* Information provided
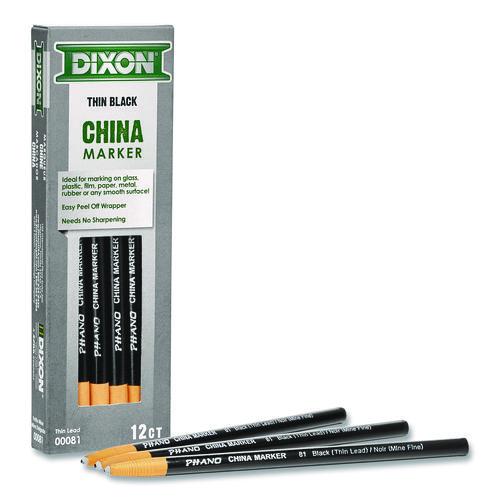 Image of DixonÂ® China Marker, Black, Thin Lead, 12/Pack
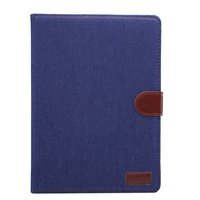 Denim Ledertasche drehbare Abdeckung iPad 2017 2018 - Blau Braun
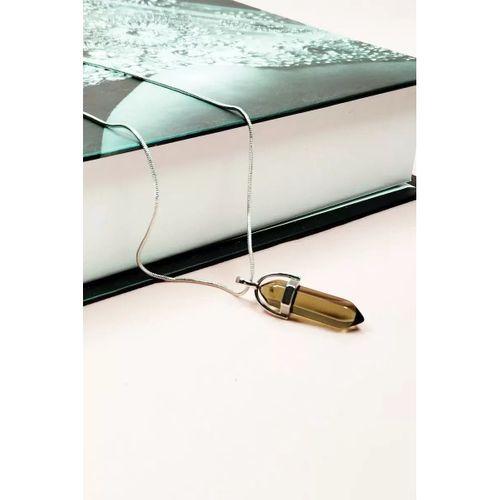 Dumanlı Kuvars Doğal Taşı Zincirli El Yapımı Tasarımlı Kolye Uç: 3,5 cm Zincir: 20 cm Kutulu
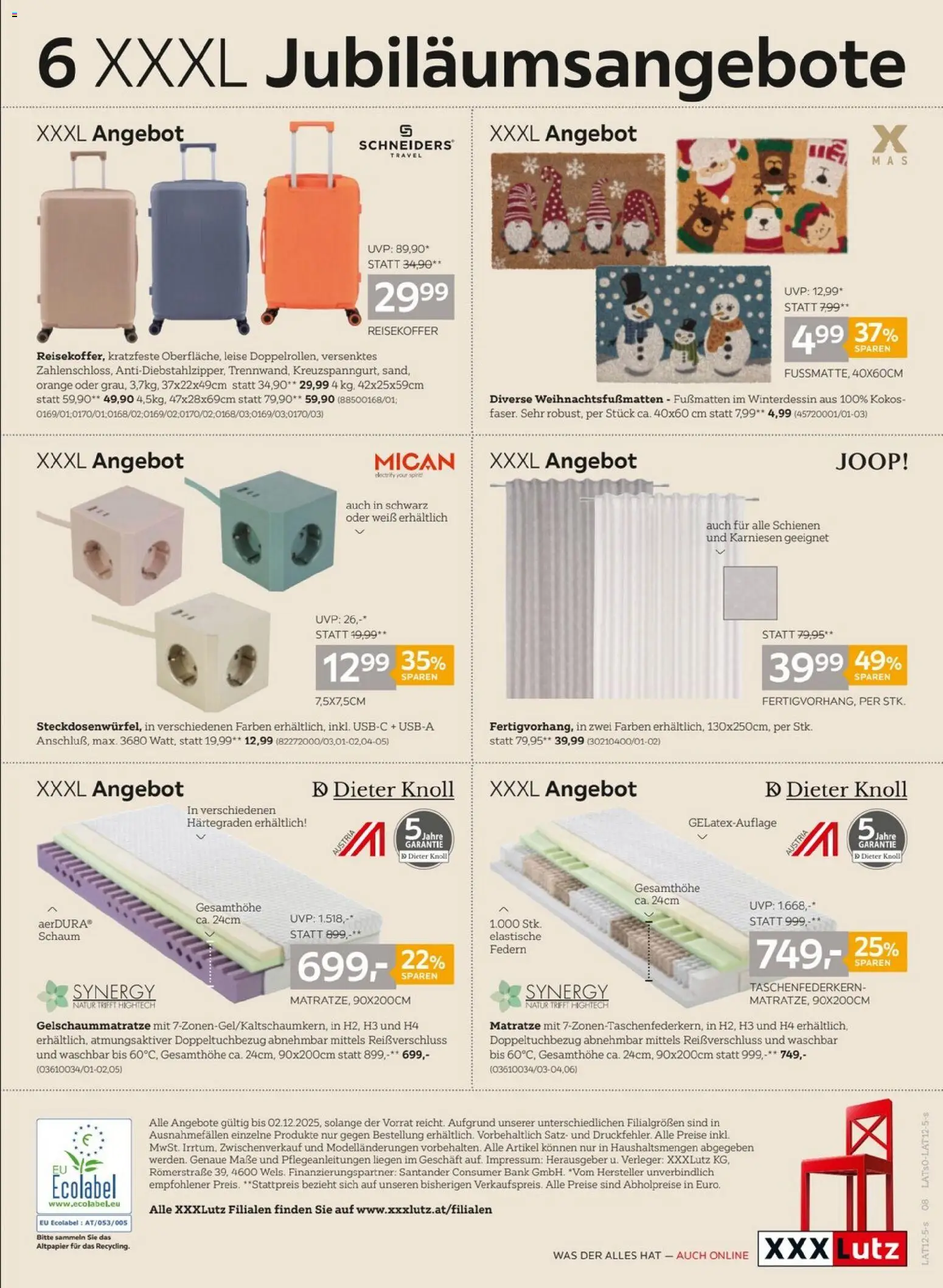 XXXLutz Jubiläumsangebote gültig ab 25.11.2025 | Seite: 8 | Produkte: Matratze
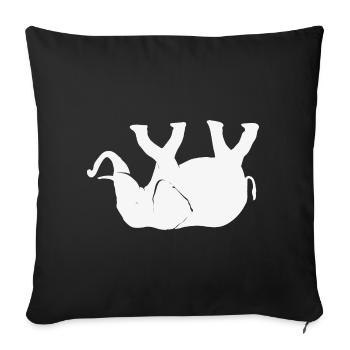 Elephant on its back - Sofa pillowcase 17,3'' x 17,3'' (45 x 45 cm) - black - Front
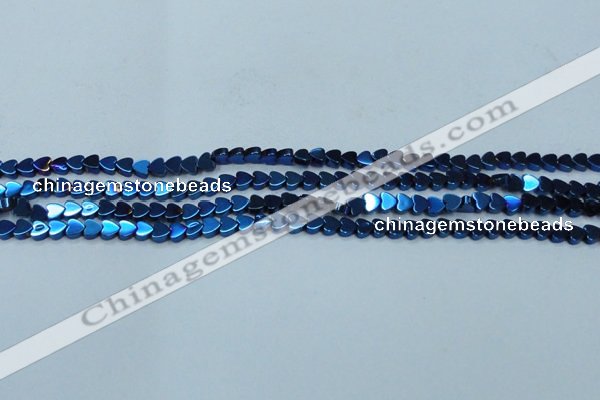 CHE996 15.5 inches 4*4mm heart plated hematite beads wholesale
==
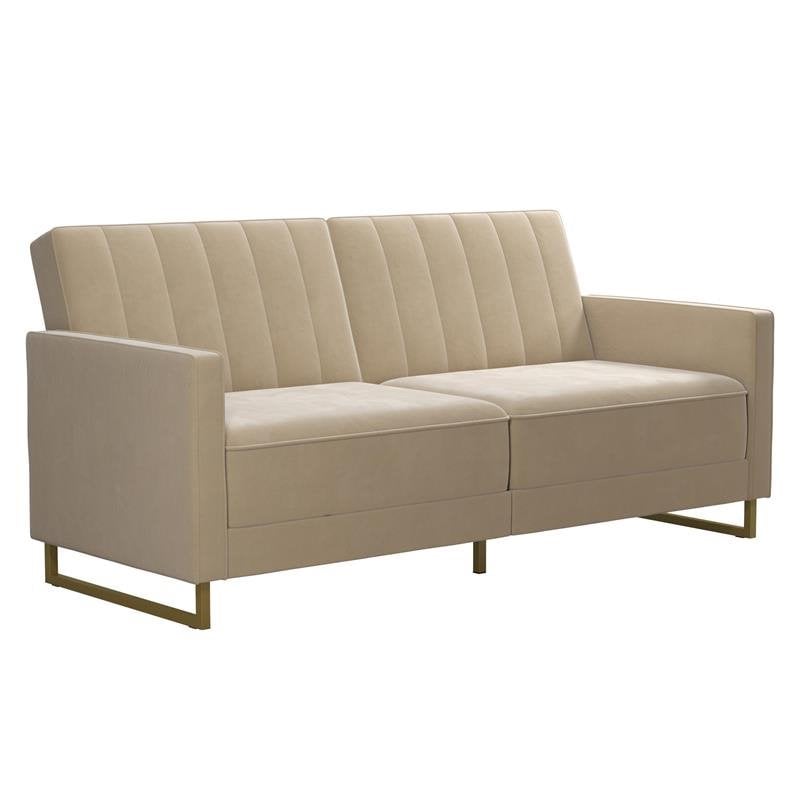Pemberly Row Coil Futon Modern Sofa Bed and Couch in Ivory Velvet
* * *
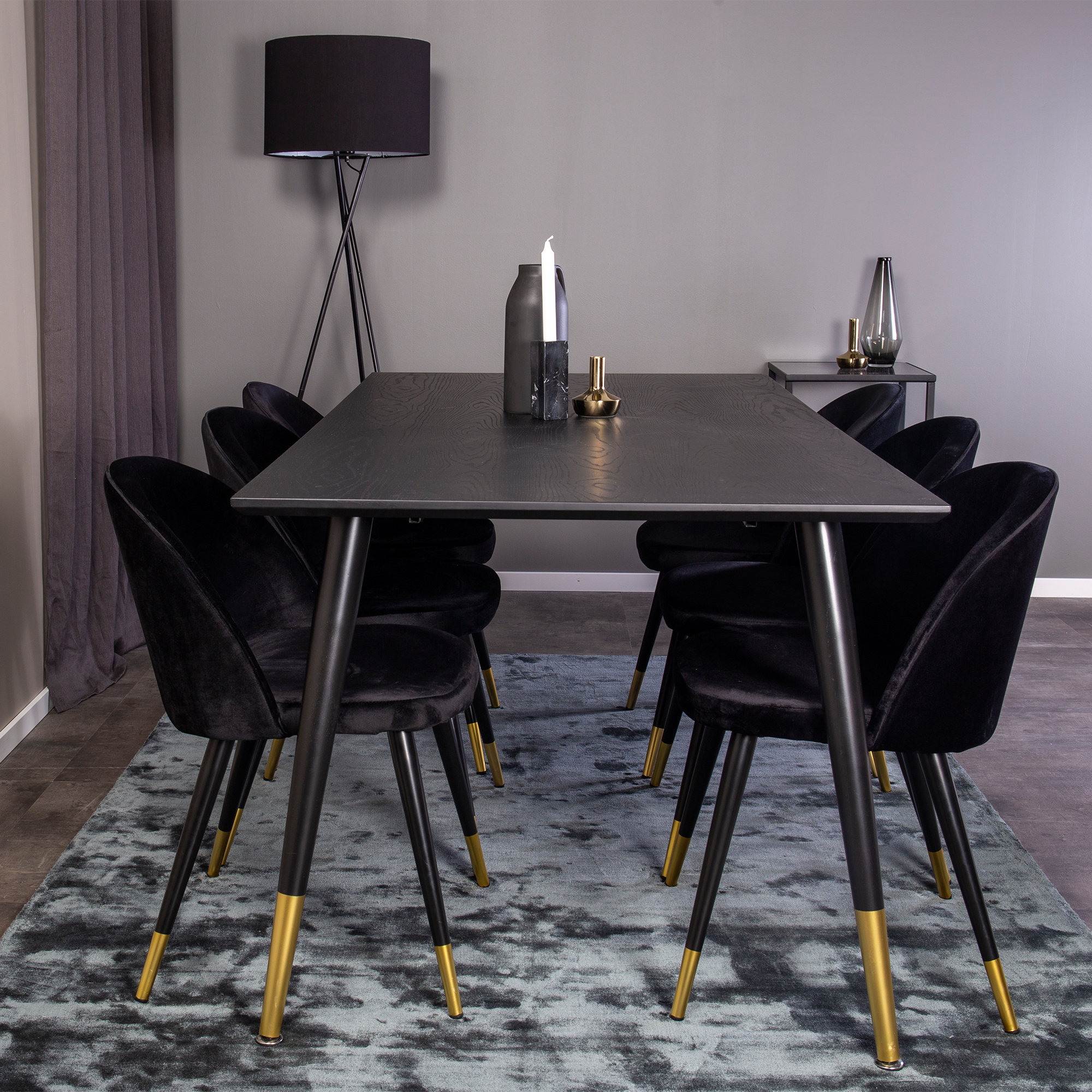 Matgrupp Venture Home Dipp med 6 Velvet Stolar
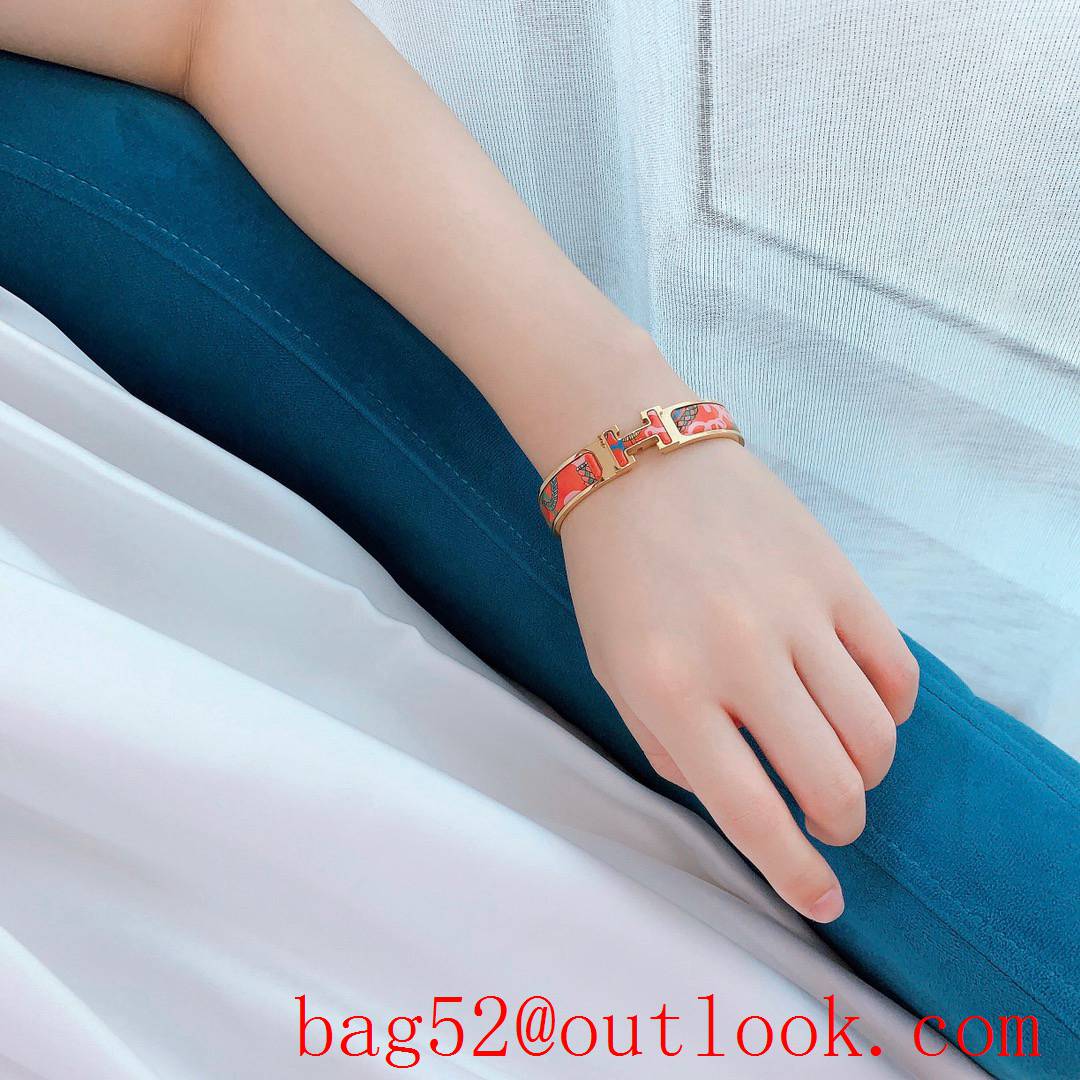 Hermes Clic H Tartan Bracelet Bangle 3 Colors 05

* Problem requirements
Print exactly the lines above that run from the one with "Elephant on its" down to the one with "CHE996 15.5 inches", and omit the pictures.

* Result
 Elephant on its back - Sofa pillowcase 17,3'' x 17,3'' (45 x 45 cm) - black - Front
 CHE996 15.5 inches 4*4mm heart plated hematite beads wholesale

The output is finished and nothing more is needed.